The Military Service Medal Wehrdienstmedaille is a military medal awarded to members of the Military of Austria. It is awarded in three classes: gold, silver, and bronze depending on length of recognized service. Established in 1963, the medal was originally called the Military Commemorative Service Medal (Wehrdiensterinnerungsmedaille). The name was changed to its current name in 1989.

==Criteria==
The Military Service Medal in bronze is the most common award of the medal. It is awarded to conscripts at the end of their mandatory training. The silver medal is awarded to those members of the militia who have already earned the bronze medal and have performed at least 30 days of additional training or other militia duty. The gold medal is awarded to those already holding the silver medal who have performed an additional 60 days of training or other militia duty. The medals are awarded only once.

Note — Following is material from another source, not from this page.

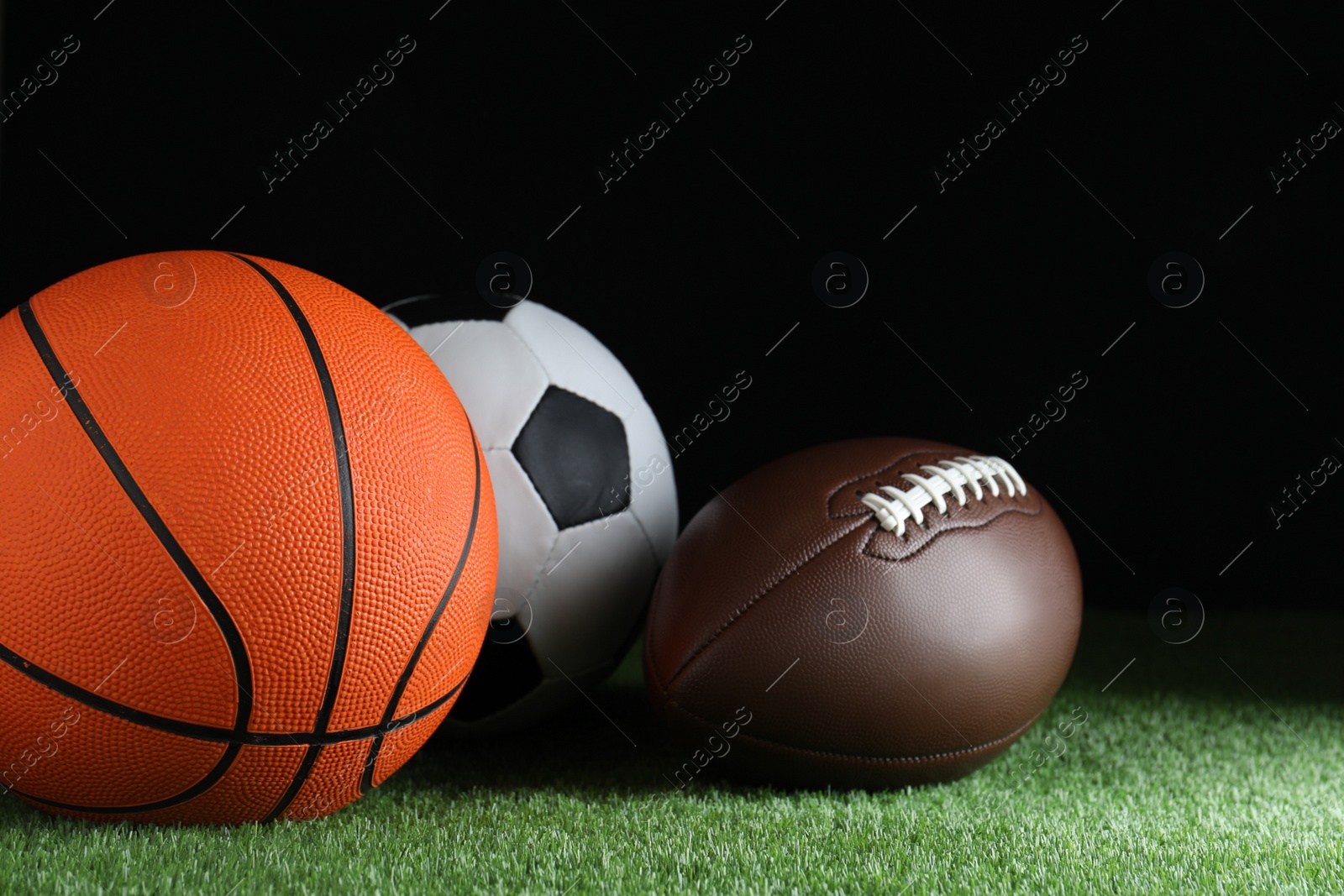 Photo of Set of different sport balls on green grass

In the order of wear for Austrian medals the Military Service Medal is worn in order of gold, then silver, and finally bronze. They are worn before the Militia Medal and after the Military Service Award.

==Appearance==
The medal is round, 40 mm, and made of bronze which is either plated in gold or silver depending on the grade. The obverse of the medal bears the inscription STETS BEREIT FÜR DIE REPUBLIK ÖSTERREICH (Always ready for the Republic of Austria) on the upper half of the medal. In the lower half is roundel of the Military of Austria surmounting crossed swords surrounded by an oak leaves. The reverse of the medal bears the Coat of arms of Austria. The medal is suspended from a triangular folded ribbon.